On October 1, 2010, at the direction of the County Executive of Orange County, letters were sent to 39 civil service employees notifying them that they were being laid off effective October 29, 2010, for economic reasons. The letters advised the employees that their names would be placed on a preferred eligible list pursuant to a provision in their collective bargaining agreement, which pertained to “abolished” positions.

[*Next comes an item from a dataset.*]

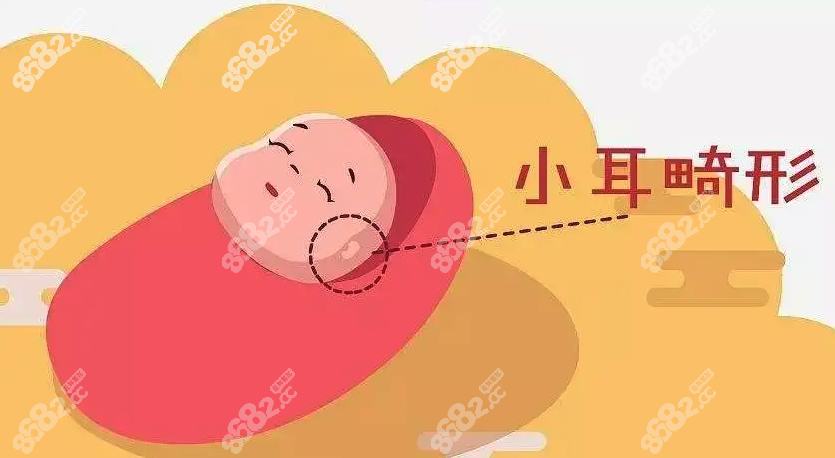 耳朵畸形做直埋还是全包www.8682.cc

Additionally, the employees were advised in letters sent on October 29, 2010, that their names had been placed on the preferred eligible list “[i]n accordance with Section 81 of Civil Service Law.” On December 2, 2010, the Orange County Legislature passed a budget for the 2011 fiscal year, which did not provide funding for the positions held by the 39 laid off employees.

*985The Civil Service Employees Association, Inc., and 34 of the 39 civil service employees (hereinafter the subject employees) commenced this hybrid proceeding pursuant to CPLR article 78 and action for declaratory relief seeking, inter alia, to “be made whole by receiving full back pay” and “all other benefits they were entitled to . . . for the period from October 29, 2010, to December 31, 2010.” In a judgment dated September 9, 2011, the Supreme Court, among other things, denied the petition pursuant to CPLR article 78 and, in effect, dismissed the proceeding.

The doctrine of “¡Legislative equivalency requires that a position created by a legislative act can only be abolished by correlative legislative act” (Matter of Torre v County of Nassau, 86 NY2d 421, 426 [1995]; see Matter of Chandler v Village of Spring Val., 104 AD3d 847 [2013]; Matter of Campana v Chiseri, 242 AD2d 716 [1997]). Pursuant to section 2.02 (1) of the Orange County Charter and Orange County Administrative Code, the Orange County Legislature possesses sole authority to “establish or abolish positions of employment and titles thereof.” Here, the County Legislature had not taken any action to abolish the subject positions at the time the County Executive terminated the subject employees’ employment. While the Orange County Charter and Orange County Administrative Code give the County Executive the authority to “supervise, direct and control and administer all departments” (Orange County Charter § 3.02 [e]; Administrative Code § 3.02 [e]), they do not give the County Executive the authority to terminate the employment of civil service employees without a proper abolition of tbe positions by the County Legislature in accordance with the doctrine of legislative equivalency (see Torre v County of Nassau, 86 NY2d at 427-428; see also 1976 Ops Atty Gen 7, 1976 WL 350099, 1976 NY AG LEXIS 5). Further, County Charter § 4.10 (a) does not authorize the County Executive to undertake any “remedial action” constituting, inter alia, unilateral modification to the budget and/or abolition of legislatively created positions (see generally Matter of Dutchess County Legislature v Steinhaus, 56 AD3d 469, 470-471 [2008]; Suffolk County Assn. of Mun. Empls. v County of Suffolk, 175 AD2d 202, 203 [1991]; Matter of Henry v Noto, 74 AD2d 604, 605, mod on other grounds 50 NY2d 816 [1980]). Therefore, under these circumstances, the County Executive did not have the authority to terminate the subject employees’ employment for economic reasons, effective October 29, 2010.

Accordingly, the Supreme Court erred in denying the petition pursuant to CPLR article 78 and, in effect, dismissing the *986proceeding, and the matter must be remitted to the Supreme Court, Orange County, for a determination of all the benefits the subject employees would have been entitled to had they remained employed for the period from October 29, 2010, to December 31, 2010, and for a calculation of the principal sum of back pay to be awarded to the subject employees in accordance herewith and thereafter for the entry of an appropriate amended judgment. Rivera, J.P., Chambers, Hall and Miller, JJ., concur.